Yet we must not idealise too much the old village society, merely because it has passed away. No doubt the period of the two first Georges, with its good wages and moderate prices, compared favourably with the period of rural pauperism in the early nineteenth century. But there had been hard times before, in days when hard times meant famine. In the ` dear years ' of William III, and often before, people had failed to ` subsist ' on their ` subsistence agriculture.' The ' cottars ' too, whose disappearance we deplore, had been classed with the ' paupers ' by Gregory King, a publicist of William's reign. King's often quoted analysis of English society at the time of the Revolution, points to the existence of a rural proletariat more numerous than the yeomen and tenant farmers put together.
Much is guesswork in history before the age of statistics. But it is safe to say that, on the whole, there was more independence, variety and joy in life under the old system than under the new system at its worst, and the worst of the new economic dispensation came when it was first introduced.
The first unconscious step towards great economic and social change was taken between 1750 and 1770, when a perceptible improvement was made in the roads, with a resulting increase in the amount of wheeled traffic. So long as the products of agriculture and industry had generally to be carried along miry paths, slung across horses' backs, there could have been no very great expansion in the volume of external and internal trade, and 'subsistence agriculture' must have continued.
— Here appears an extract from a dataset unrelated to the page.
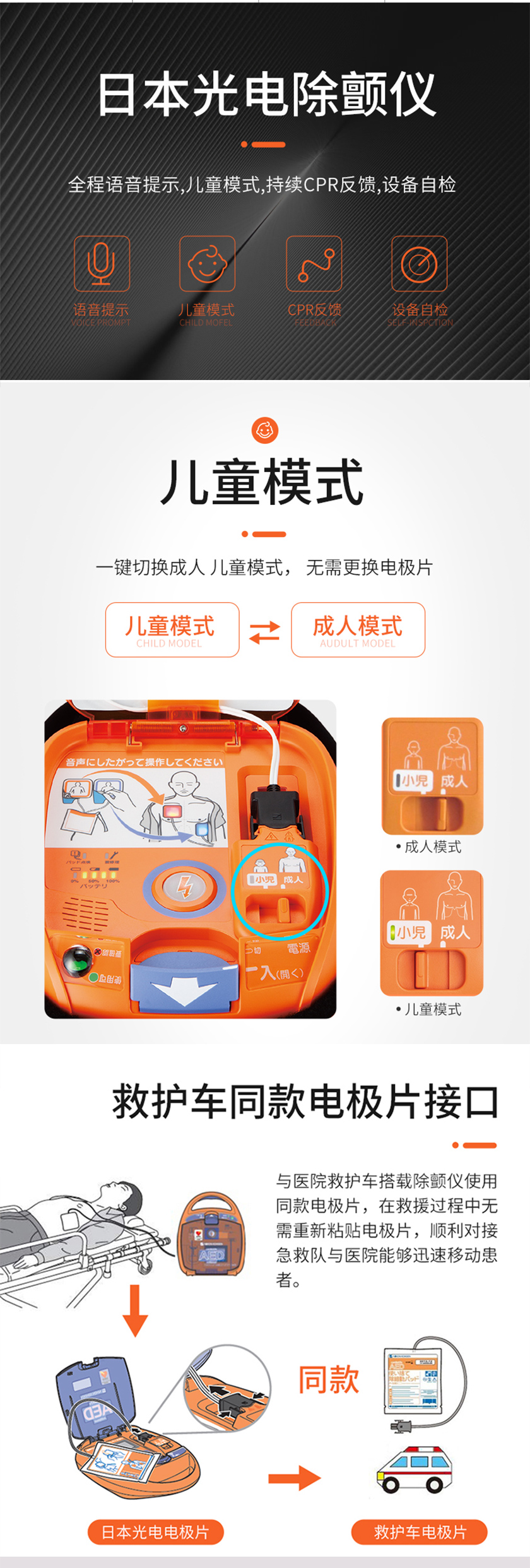 光电AED 自动体外除颤仪AED-2151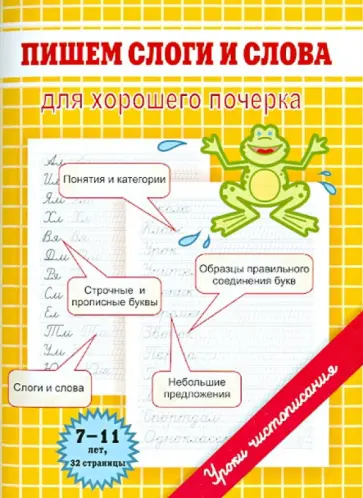 Марина Георгиева - Пишем слоги и слова. Для хорошего почерка обложка книги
The old English road was not a metalled surface of definite limits, hedged off from the rest of the world, and maintained by an army of special functionaries paid from the public purse. It was an open track through the fields or over the common ; its borders were metaphysical, for it was, in law, a right of way from one village to another, and if, as usually happened after bad weather, the customary track was ` foundrous,' passengers had the right to take their beasts over the edge of the neighbouring field, even if it were under corn. Only in lands of en-closed agriculture like Kent or Devon was the road imprisoned by bank and hedge; in that case it was very often a winding lane, a few feet broad and many feet deep, across which, according to tradition, hounds and horsemen had been known to leap over the hood of a waggon. The roads had no prepared surface, though on some of the larger highways, a narrow causeway of stones through the middle of the mud gave footing for the saddle- and pack-horses. In nine cases out of ten where we use a bridge, our ancestors splashed through a ford.
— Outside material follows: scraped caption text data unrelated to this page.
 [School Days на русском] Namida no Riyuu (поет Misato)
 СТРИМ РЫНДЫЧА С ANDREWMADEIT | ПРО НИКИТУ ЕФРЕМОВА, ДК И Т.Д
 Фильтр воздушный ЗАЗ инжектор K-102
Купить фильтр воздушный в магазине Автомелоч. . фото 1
The duty of keeping the road open that is, of removing obstacles and occasionally filling up the worst holes with a cartload of faggots or large stones fell by law on each parish through which the highway passed. The unwilling farmers usually held in turns the office of Parish Surveyor, whose duty it was to direct the unpaid service of six days' annual work on the roads, obligatory on every parishioner, but largely evaded and nearly worthless. The villagers resented this corvée, on the ground that it was unjust to throw on them the whole upkeep of a highway constantly destroyed by the traffic of distant cities and shires. The users of the roads ought clearly to pay for their maintenance.
At the close of the Stuart epoch this situation was met in a few places by the Turnpike system. Local Trusts were formed and were empowered by Parliament to erect toll-bars, and there levy tolls from all passengers except pedestrians, in return for which the Trust kept up the few miles of road committed to its charge. But the Turnpikes only began to be really effective between 1748 and 1770, during which years the number of Trusts rose from 160 to 530, and the mileage under their control was quadrupled. An improvement in the roads of Britain was then noticed, perhaps for the first time since the Romans.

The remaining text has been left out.